Dataset content:
......

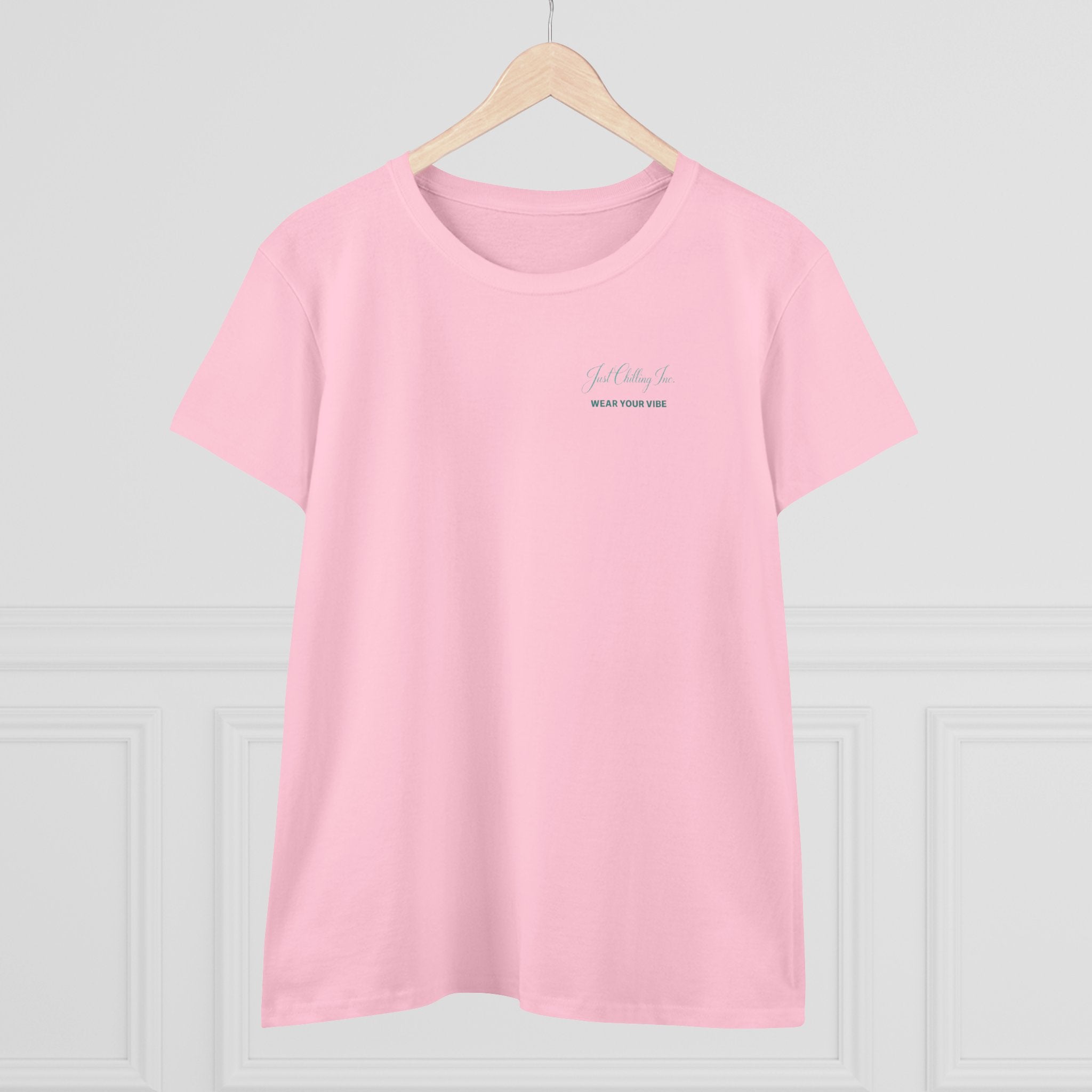 Delaware Just Chilling Tee, Summer Vibes Shirt, Beach Lover Gift, Casual Comfort Top, Vacation Outfit Essential, Fun Graphic T-Shirt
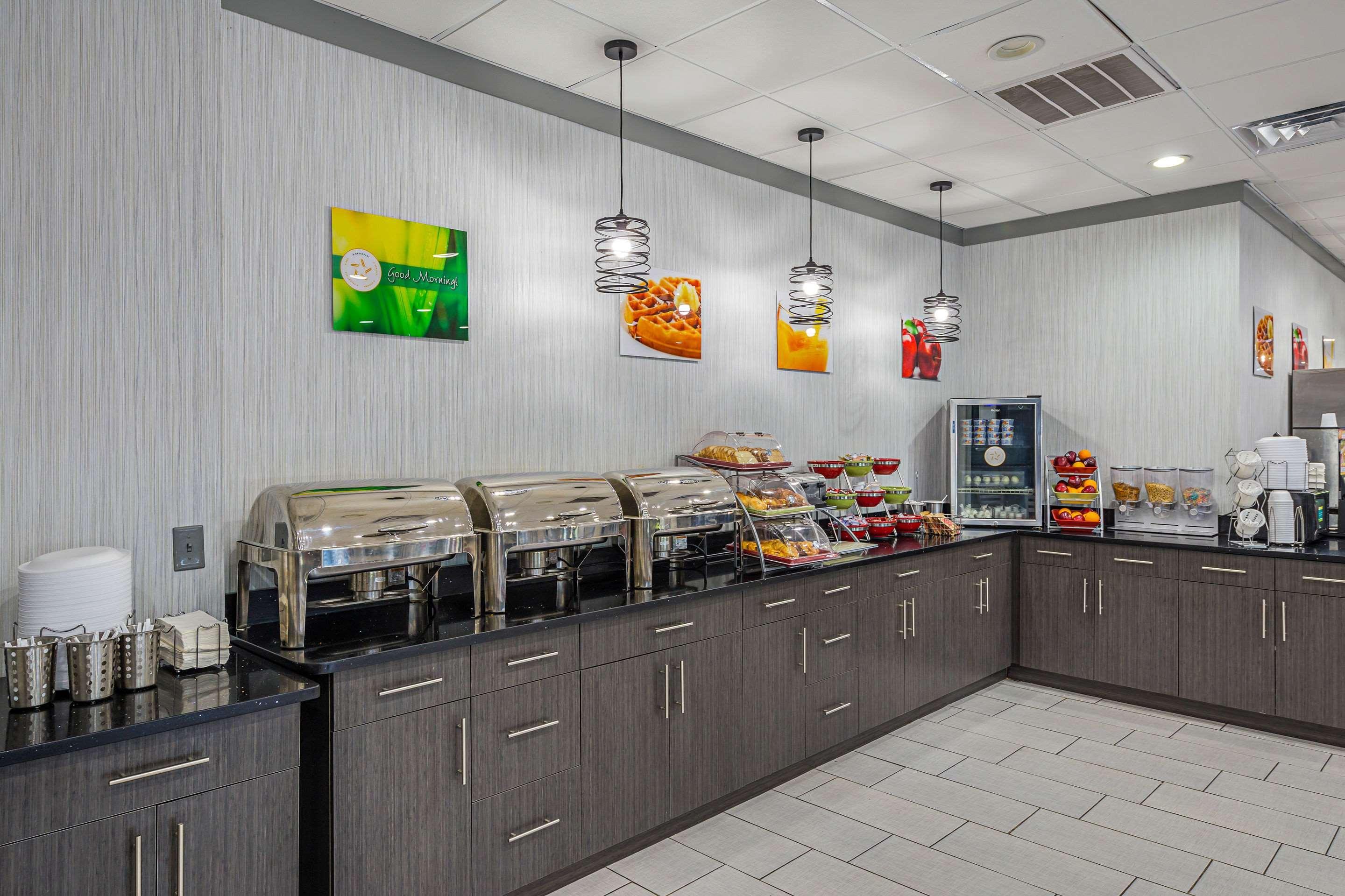 Quality Inn & Suites Greenville - Haywood Mall Exteriér fotografie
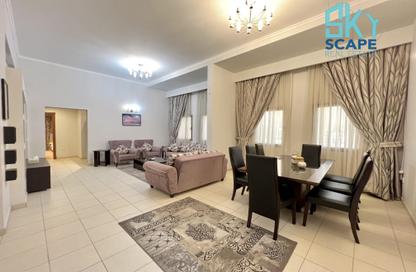 Apartment - 2 Bedrooms - 3 Bathrooms for rent in Seef - Capital Governorate Apartment - 2 Bedrooms - 3 Bathrooms for rent in Seef - Capital Governorate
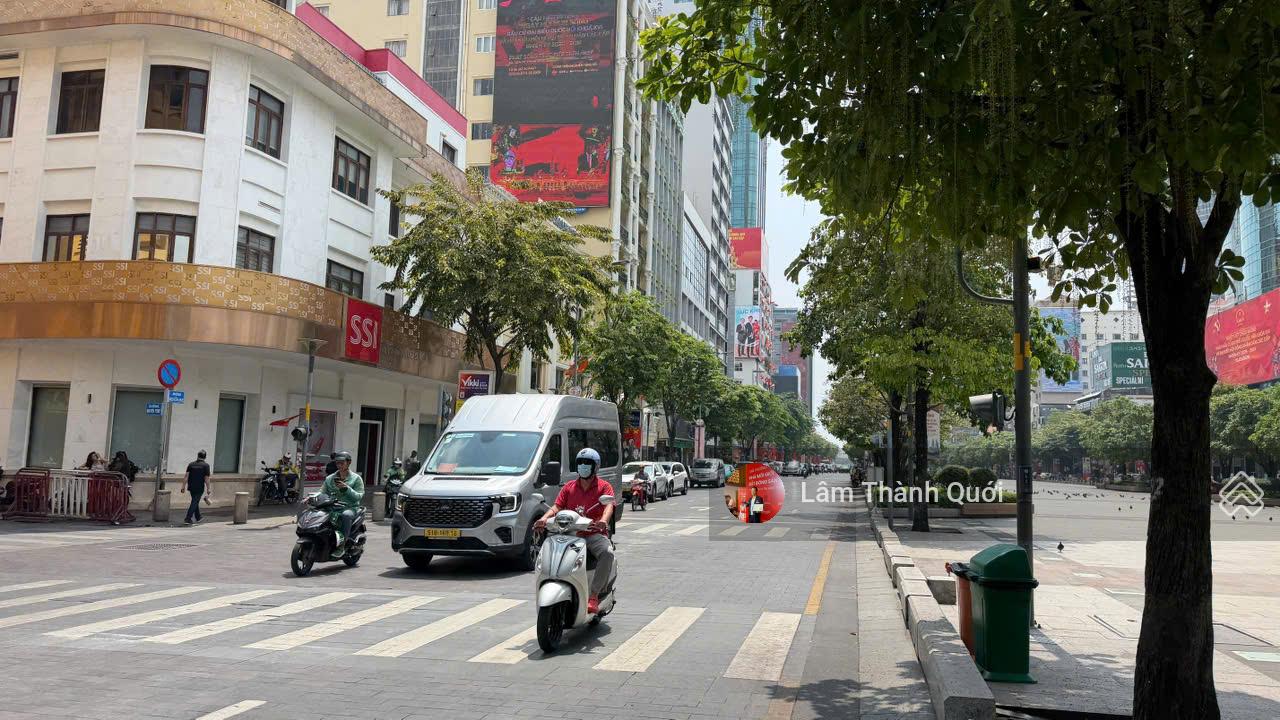 Bán nhà MT Nguyễn Huệ, 4x15, 1 trệt, 1 lầu, 220 tỷ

......

Task details: Print the listing again exactly as it appears, except for the pictures, which stay out.

Exercise output:
 Delaware Just Chilling Tee, Summer Vibes Shirt, Beach Lover Gift, Casual Comfort Top, Vacation Outfit Essential, Fun Graphic T-Shirt
 Quality Inn & Suites Greenville - Haywood Mall Exteriér fotografie
 Apartment - 2 Bedrooms - 3 Bathrooms for rent in Seef - Capital Governorate Apartment - 2 Bedrooms - 3 Bathrooms for rent in Seef - Capital Governorate
 Bán nhà MT Nguyễn Huệ, 4x15, 1 trệt, 1 lầu, 220 tỷ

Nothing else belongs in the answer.